From Zurich To Detroit
June 12, 2025What happens when a bold idea and spin-off from ETH Zurich meets the industrial backbone of Detroit and the Great Lakes region? That’s the question behind Rimon Technologies’ recent exploratory visit to Michigan—an effort to understand how their AI-driven knowledge platform could support a region undergoing one of the most significant economic and workforce transitions in recent history.
Rimon is rethinking how industrial professionals access and share knowledge. Their platform, designed for service technicians and engineers, combines video-based knowledge capture with an AI-powered chat tool called Digital Walter, modeled after the archetypal expert who’s been on the job for decades and knows everything. Built around a digital knowledge cycle, Rimon’s system ingests company documents, identifies gaps, captures frontline expertise through wearable cameras, and delivers just-in-time support in the field, reducing onboarding time and preserving institutional know-how.

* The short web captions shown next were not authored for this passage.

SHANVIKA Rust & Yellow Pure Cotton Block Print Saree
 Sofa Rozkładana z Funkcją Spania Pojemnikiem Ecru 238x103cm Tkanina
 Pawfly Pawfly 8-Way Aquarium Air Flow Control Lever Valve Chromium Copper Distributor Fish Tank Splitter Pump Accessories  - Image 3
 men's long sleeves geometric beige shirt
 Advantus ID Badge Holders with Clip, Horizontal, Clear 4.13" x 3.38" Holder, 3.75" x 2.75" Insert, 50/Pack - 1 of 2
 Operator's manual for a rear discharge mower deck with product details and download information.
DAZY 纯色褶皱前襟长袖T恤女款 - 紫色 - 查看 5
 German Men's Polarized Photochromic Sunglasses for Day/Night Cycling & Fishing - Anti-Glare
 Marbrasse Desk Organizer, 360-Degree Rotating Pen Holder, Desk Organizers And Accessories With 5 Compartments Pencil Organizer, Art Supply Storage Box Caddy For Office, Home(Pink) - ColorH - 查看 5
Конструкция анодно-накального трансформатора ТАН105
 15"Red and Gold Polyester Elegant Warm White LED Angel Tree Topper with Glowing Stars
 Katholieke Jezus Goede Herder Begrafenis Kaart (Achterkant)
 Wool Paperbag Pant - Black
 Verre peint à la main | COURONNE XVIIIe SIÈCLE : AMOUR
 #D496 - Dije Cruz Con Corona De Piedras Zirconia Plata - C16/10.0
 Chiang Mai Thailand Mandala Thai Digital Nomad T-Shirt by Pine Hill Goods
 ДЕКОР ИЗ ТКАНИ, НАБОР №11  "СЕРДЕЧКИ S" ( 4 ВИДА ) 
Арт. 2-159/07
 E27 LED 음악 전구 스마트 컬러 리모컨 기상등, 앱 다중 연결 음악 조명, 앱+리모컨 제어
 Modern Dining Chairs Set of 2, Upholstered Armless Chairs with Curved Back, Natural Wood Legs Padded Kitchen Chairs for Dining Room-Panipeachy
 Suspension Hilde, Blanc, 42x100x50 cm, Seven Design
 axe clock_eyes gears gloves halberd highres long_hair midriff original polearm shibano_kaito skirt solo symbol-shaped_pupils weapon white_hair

With its deep manufacturing roots and growing innovation capacity, Michigan offers fertile ground for this kind of transformation. The state is investing in reindustrialization, hardened infrastructure, and clean energy; it has experienced robust U.S. manufacturing job growth since 2020, home to over 40,000 engineers, and leads the nation in clean energy patents per capita. For innovative Swiss startups like Rimon, the region presents a real-time laboratory for bridging generational knowledge, accelerating workforce onboarding, and supporting the future of industrial resilience.
I spent nearly eight years working at ETH Zurich, an institution I continue to champion as an ETH Ambassador and founding member of the ETH Circle. Today, I’m based in Detroit—a city reimagining itself through a new wave of innovation, resilience, and creativity. My current work centers on advancing socially impactful initiatives across borders, and I’m deeply interested in how we build stronger bridges between global centers of excellence like Zurich and rising innovation ecosystems like Detroit.
In this conversation with Rimon’s co-founders—CEO Kordian Caplazi and CSO Michael Blickenstorfer—we explored Rimon’s roots at ETH, their evolving mission, the future of workforce knowledge, and what it takes to lead across generations, geographies, and paradigms.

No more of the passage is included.